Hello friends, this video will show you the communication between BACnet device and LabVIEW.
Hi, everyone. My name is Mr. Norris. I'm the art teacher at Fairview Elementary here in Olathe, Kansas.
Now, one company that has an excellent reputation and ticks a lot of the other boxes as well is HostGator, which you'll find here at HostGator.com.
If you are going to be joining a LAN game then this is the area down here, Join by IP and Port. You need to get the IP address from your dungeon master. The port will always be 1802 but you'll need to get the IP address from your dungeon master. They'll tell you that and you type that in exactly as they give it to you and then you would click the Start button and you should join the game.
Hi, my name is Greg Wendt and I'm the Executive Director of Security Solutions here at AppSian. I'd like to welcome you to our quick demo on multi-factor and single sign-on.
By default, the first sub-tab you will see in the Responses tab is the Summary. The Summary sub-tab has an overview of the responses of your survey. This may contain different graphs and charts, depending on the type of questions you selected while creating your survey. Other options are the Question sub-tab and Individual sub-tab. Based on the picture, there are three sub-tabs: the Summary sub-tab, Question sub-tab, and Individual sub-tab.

--------------------------------

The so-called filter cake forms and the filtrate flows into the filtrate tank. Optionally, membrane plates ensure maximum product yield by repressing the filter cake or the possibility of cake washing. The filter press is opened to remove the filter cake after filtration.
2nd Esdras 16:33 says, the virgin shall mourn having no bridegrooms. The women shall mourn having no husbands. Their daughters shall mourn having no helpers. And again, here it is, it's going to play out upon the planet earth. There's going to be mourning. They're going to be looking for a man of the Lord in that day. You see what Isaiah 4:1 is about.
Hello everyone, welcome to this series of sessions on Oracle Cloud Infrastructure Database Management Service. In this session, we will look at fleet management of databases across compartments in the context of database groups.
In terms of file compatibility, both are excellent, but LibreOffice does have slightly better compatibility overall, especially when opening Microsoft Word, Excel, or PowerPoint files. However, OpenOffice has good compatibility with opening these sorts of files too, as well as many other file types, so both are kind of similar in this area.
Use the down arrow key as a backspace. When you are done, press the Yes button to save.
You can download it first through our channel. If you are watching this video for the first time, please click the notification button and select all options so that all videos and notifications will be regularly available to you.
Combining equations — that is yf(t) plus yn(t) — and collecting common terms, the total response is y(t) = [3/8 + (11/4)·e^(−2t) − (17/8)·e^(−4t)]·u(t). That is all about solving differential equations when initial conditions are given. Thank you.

--------------------------------

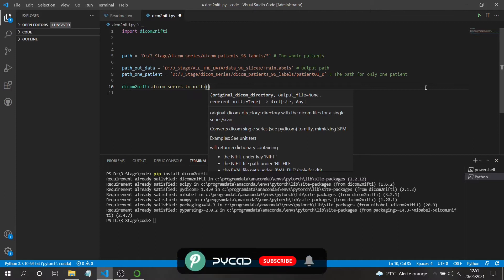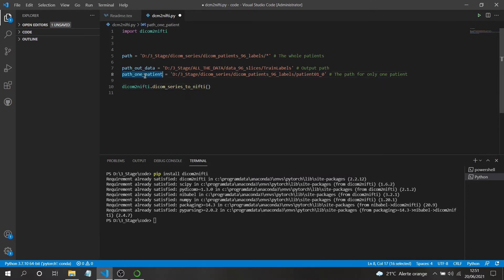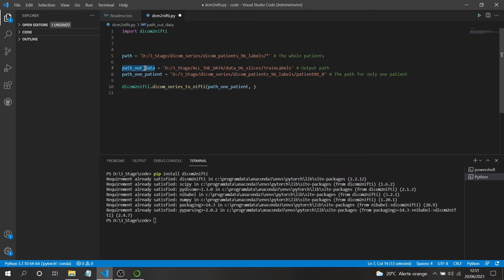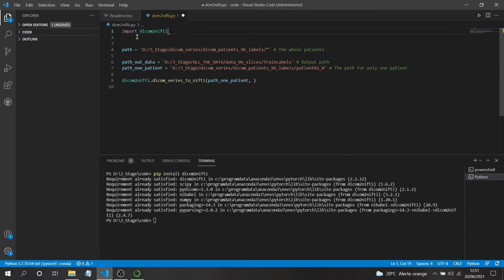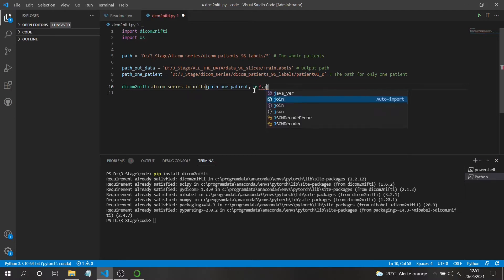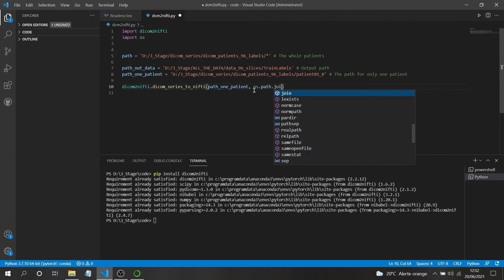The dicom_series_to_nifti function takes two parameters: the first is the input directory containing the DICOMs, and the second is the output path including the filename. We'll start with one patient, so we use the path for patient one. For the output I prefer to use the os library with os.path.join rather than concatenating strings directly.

--------------------------------

#### Activity:
Considering only the material above, set down every line from the one with "Hello friends, this" to the one with "Hi, everyone. My", inclusive, exactly as written.

#### The completed task:
Hello friends, this video will show you the communication between BACnet device and LabVIEW.
Hi, everyone. My name is Mr. Norris. I'm the art teacher at Fairview Elementary here in Olathe, Kansas.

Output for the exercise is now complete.